You are viewing a plain text version of this content. The canonical link for it is here.

Posted to user@spark.apache.org by Daniel Haviv <da...@gmail.com> on 2014/11/19 09:41:56 UTC

Merging Parquet Files

Hello,
I'm writing a process that ingests json files and saves them a parquet
files.
The process is as such:

val sqlContext = new org.apache.spark.sql.SQLContext(sc)
val jsonRequests=sqlContext.jsonFile("/requests")
val parquetRequests=sqlContext.parquetFile("/requests_parquet")

jsonRequests.registerTempTable("jsonRequests")
parquetRequests.registerTempTable("parquetRequests")

val unified_requests=sqlContext.sql("select * from jsonRequests union
select * from parquetRequests")

unified_requests.saveAsParquetFile("/tempdir")

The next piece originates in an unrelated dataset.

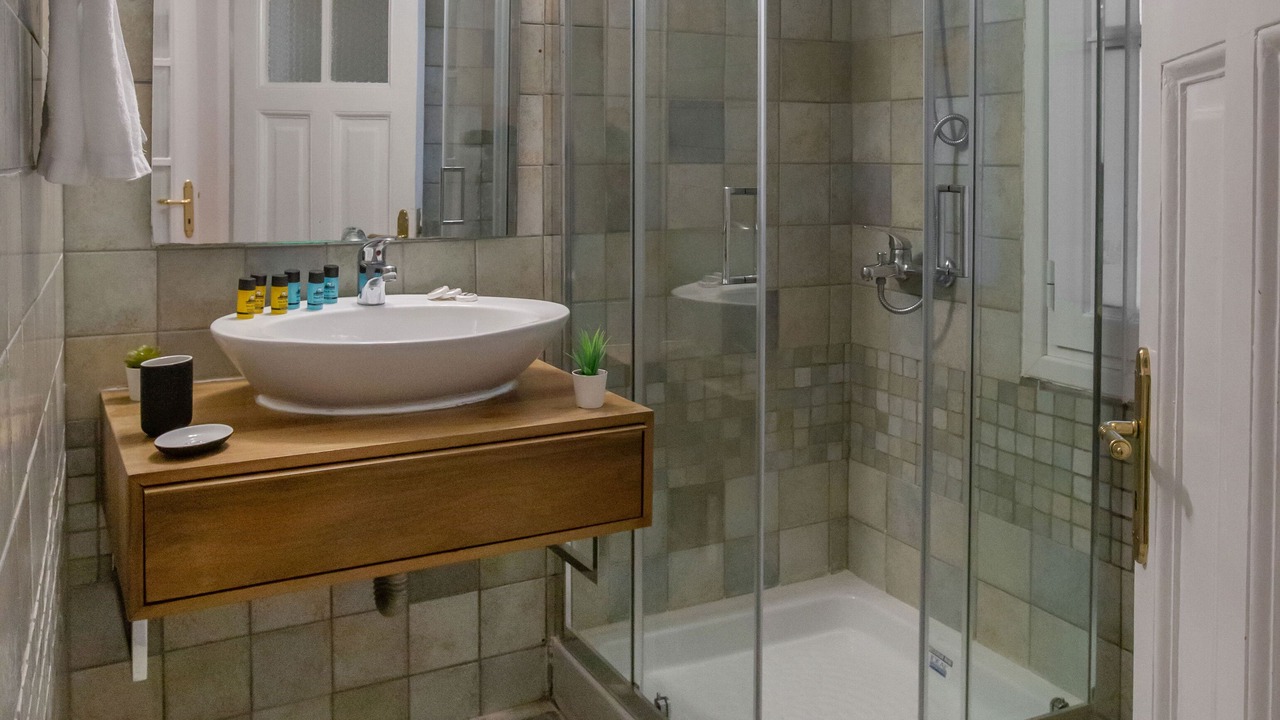 Photo of Bathroom in Plaka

and then I delete /requests_parquet and rename /tempdir as /requests_parquet

Is there a better way to achieve that ?

Another problem I have is that I get a lot of small json files and as a
result a lot of small parquet files, I'd like to merge the json files into
a few parquet files.. how I do that?

Thank you,
Daniel

Re: Merging Parquet Files

Posted by Michael Armbrust <mi...@databricks.com>.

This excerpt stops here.